(Data shown Opens)

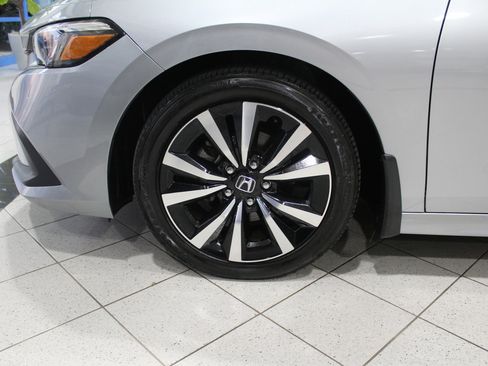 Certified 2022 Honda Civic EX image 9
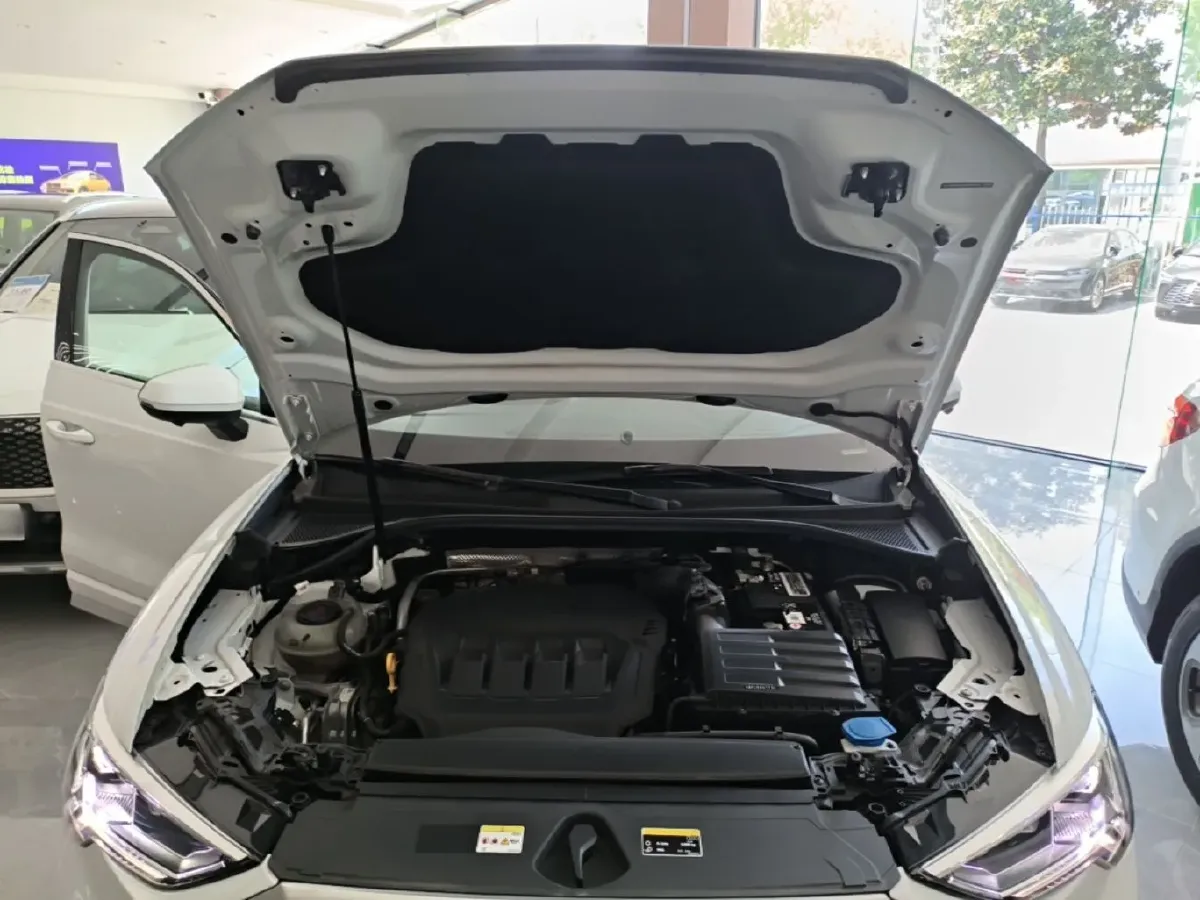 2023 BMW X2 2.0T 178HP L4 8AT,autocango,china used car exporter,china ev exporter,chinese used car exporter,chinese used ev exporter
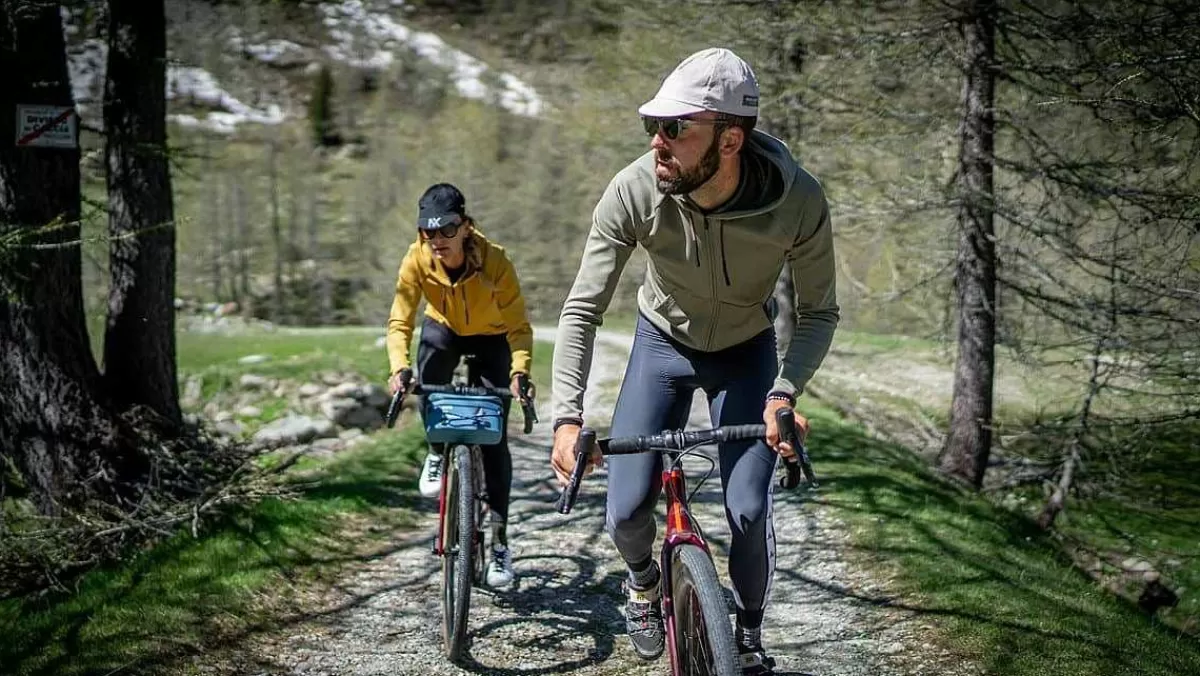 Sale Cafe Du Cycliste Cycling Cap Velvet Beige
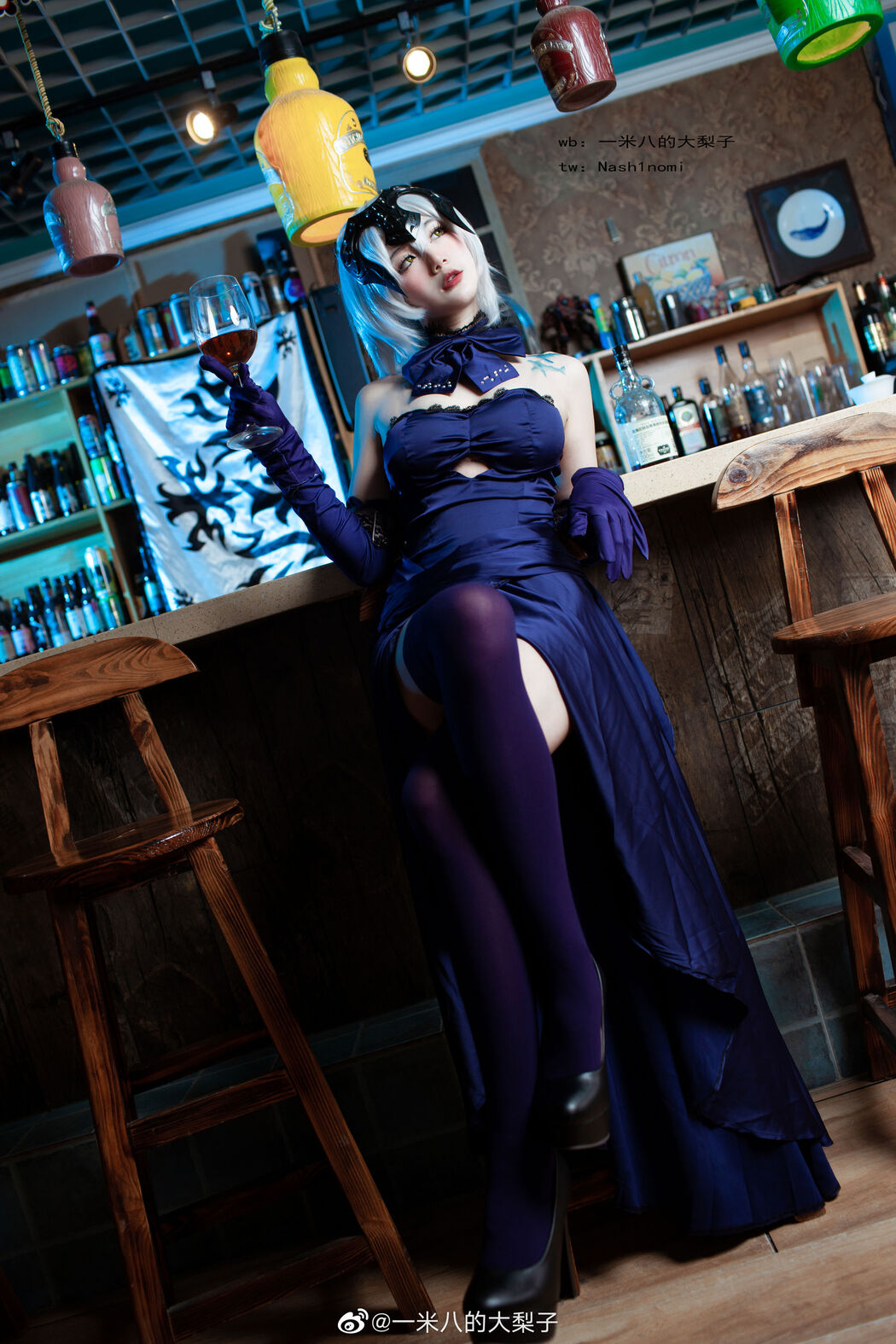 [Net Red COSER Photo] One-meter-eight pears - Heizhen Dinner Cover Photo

(Data shown Closes)

§ **What to work on**
The answer is the full listing above, reproduced character for character, minus its images.

§ **Result**
 Certified 2022 Honda Civic EX image 9
 2023 BMW X2 2.0T 178HP L4 8AT,autocango,china used car exporter,china ev exporter,chinese used car exporter,chinese used ev exporter
 Sale Cafe Du Cycliste Cycling Cap Velvet Beige
 [Net Red COSER Photo] One-meter-eight pears - Heizhen Dinner Cover Photo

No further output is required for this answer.